Actually, first they got the controller design they wanted, although Nartron obtained and retained a patent on the system. Then Schuka got another supplier, Borg Indak, to deliver the system. THEN they got the pain in the neck; Nartron sued Indak for contributory infringement. You might think that Schuka might have had the foresight to obtain the right to sublicense the patent for the purposes of procuring the parts, but that’s a different story.

As is almost par for the course, Indak fought back by claiming Nartron’s patent was invalid. The interesting twist was Indak’s motion for summary judgement; in it, Indak stated that one of Schuka’s employees (Benson) was an unnamed inventor, and the District Court agreed, essentially shutting down the infringement suit.

On appeal, the CAFC said “not so fast”. Just because Benson suggested using a “lumbar extension” to perform the in-seat massage didn’t mean he had contributed in a substantive, inventive way to the invention, which, after all, was the controller that drove the existing seat mechanisms. The court’s words are important for us to remember;

“One who simply provides the inventor with well-known principles or explains the state of the art without ever having a firm and definite idea of the claimed combination as a whole does not qualify as a joint inventor.”

Moreover, a joint inventor must “contribute in some significant manner to the conception or reduction to practice of the invention [and] make a contribution to the claimed invention that is not insignificant in quality, when that contribution is measured against the dimension of the full invention.”

In this case it was clear to the court that the invention was the controller, which could operate on any car seat that had the motion mechanisms in place and that Benson had only pointed out to the real inventors that the lumbar extender was one of the available, prior art, mechanisms.
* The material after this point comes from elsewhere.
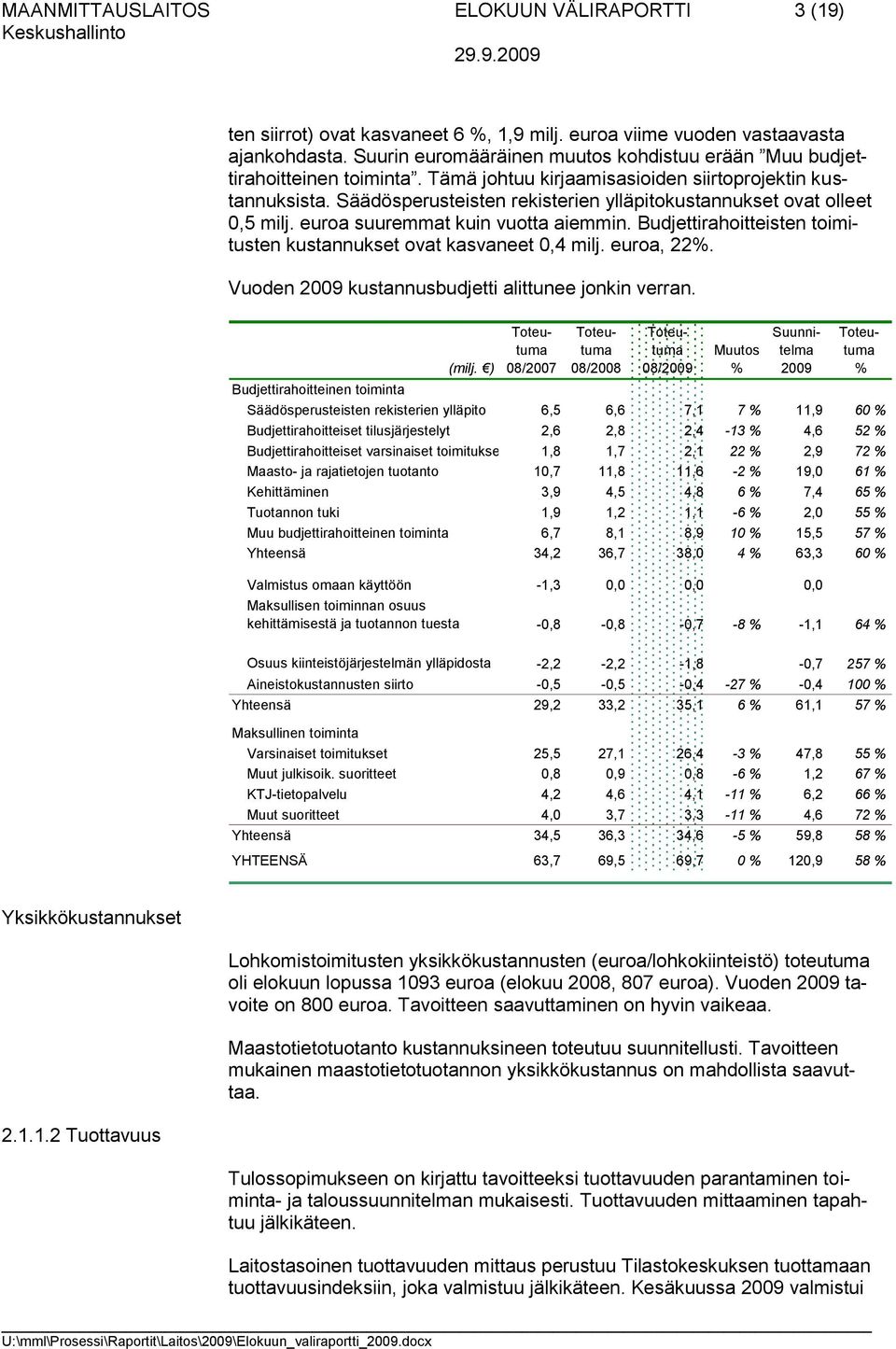 Säädösperusteisten rekisterien ylläpitokustannukset ovat olleet 0,5 milj. euroa suuremmat kuin vuotta aiemmin. Budjettirahoitteisten toimitusten kustannukset ovat kasvaneet 0,4 milj. euroa, 22%.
Further, the CAFC said “Benson is not entitled to co-inventorship by simply posing the result to Nartron and leaving it to Nartron to figure out how to accomplish it.

So, when naming the inventors on a patent application, make sure that the individuals have made a substantive contribution to the actual invention and not just pointed out how the invention might be used with existing products. Otherwise you might rub the CAFC the wrong way.